Code for The Logistic Regression Algorithm (Problems 2 - 6)

In [1]:
import numpy as np

In [2]:
def sign(x):
    """
    Return the sign of a number (1 if positive, 0 if 0, or -1 if
    negative).
    
    Return type: int
    """
    if x >= 0:
        return 1
    elif x == 0:
        return 0
    else:
        return -1

In [3]:
def get_data_from_file(filename):
    """
    Return an array of points within the region [-1, 1] x [-1, 1]
    and an array of corresponding values together as a tuple obtained
    from the file with the given name filename.
    
    Return type: 2D array of points
    """
    file1 = open(filename, "r")
    points = []
    values = []
    for line in file1:
        data = line.split()
        x0 = 1.0
        x1 = float(data[0])
        x2 = float(data[1])
        points.append([x0, x1, x2])
        values.append(float(data[2]))
    file1.close()
    return (np.array(points, dtype=np.float64),
            np.array(values, dtype=np.float64))

In [4]:
def get_transformed_points(points):
    """
    Return an array of points transformed using the nonlinear
    transformation Φ(1, x1, x2) = (1, x1, x2, x1^2, x2^2, x1 x2,
    |x1 - x2|, |x1 + x2|).
    """
    transformed_points = []
    for i in range(len(points)):
        point = []
        point.append(points[i,0])
        point.append(points[i,1])
        point.append(points[i,2])
        point.append(points[i,1] * points[i,1])
        point.append(points[i,2] * points[i,2])
        point.append(points[i,1] * points[i,2])
        point.append(abs(points[i,1] - points[i,2]))
        point.append(abs(points[i,1] + points[i,2]))
        transformed_points.append(point)
    return np.array(transformed_points, dtype=np.float64)

In [5]:
class LinReg:
    """
    This class represents the LinReg (Linear Regression Algorithm
    with regularization).
    This class contains the weights, as well as methods for running
    the Linear Regression Algorithm with regularization.
    """
    def __init__(self, n=7):
        """
        Initialize the weights of the LinReg using the given
        dimension n of the points to work with in R^n space.
        
        Return type: class (LinReg)
        """
        self.weights = np.array([0] * (n + 1), dtype=np.float64)
    
    def __repr__(self):
        """
        Print the weights of the LinReg.
        
        Return type: string
        """
        print("LogReg weights:", self.weights)
    
    def get_weights(self):
        """
        Return the weights of the LinReg.
        
        Return type: list of floats
        """
        return self.weights
    
    def evaluate(self, point):
        """
        Return a point's value using the Linear Regression
        Algorithm's weights.
        """
        real_value = 0
        assert(len(self.weights) == len(point))
        for i in range(len(self.weights)):
            real_value += self.weights[i] * point[i]
            
        return sign(real_value)
    
    def optimize_weights(self, points, values,
                         regularization_k=None):
        """
        Optimize the LinReg weights using linear regression.
        Regularization is used when regularization_k is not
        equal to None.
        
        Return type: None
        """
        ZTZ = np.dot(np.transpose(points), points)
        
        dimension = len(points[0])
        I = np.identity(dimension)
        
        if regularization_k != None:
            lmda = np.power(float(10), regularization_k)
        else:
            lmda = 0
        
        lmda_I = lmda * I
        
        ZTZ_plus_lmda_I_inv = np.linalg.inv(ZTZ + lmda_I)
        
        ZT_times_y = np.dot(np.transpose(points), values)
        
        self.weights = np.dot(ZTZ_plus_lmda_I_inv, ZT_times_y)

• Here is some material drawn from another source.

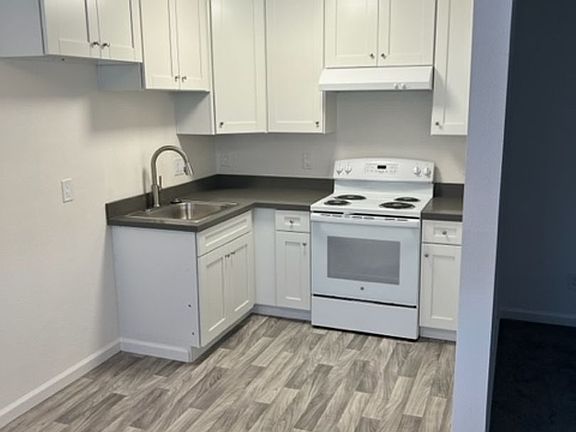 3rd image of 3326 San Bruno Ave APT 1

    def get_classification_error(self, points, values):
        """
        Return the classification error of the Linear Regression
        algorithm given the points and values.
        """
        misclassified_list = []
        for i in range(len(points)):
            point = points[i]
            if self.evaluate(point) == values[i]:
                misclassified_list.append(0)
            else:
                misclassified_list.append(1)
        
        return np.mean(np.array(misclassified_list,
                                dtype=np.float64))
        
    def run(self, in_sample_points, in_sample_values,
            out_sample_points, out_sample_values,
            regularization_k=None):
        """
        Return the in-sample error and out-of-sample error of
        the Linear Regression algorithm after optimizing the
        weights of the algorithm using the given in-sample
        data (in_sample_points and in_sample_values).
        
        Return type: tuple of floats
        """
        self.optimize_weights(in_sample_points, in_sample_values,
                              regularization_k=regularization_k)
        in_sample_error = \
            self.get_classification_error(in_sample_points,
                                          in_sample_values)
        out_sample_error = \
            self.get_classification_error(out_sample_points,
                                          out_sample_values)
        return (in_sample_error, out_sample_error)

In [6]:
in_sample_points_from_file, in_sample_values = \
    get_data_from_file("in.dta")
in_sample_points = \
    get_transformed_points(in_sample_points_from_file)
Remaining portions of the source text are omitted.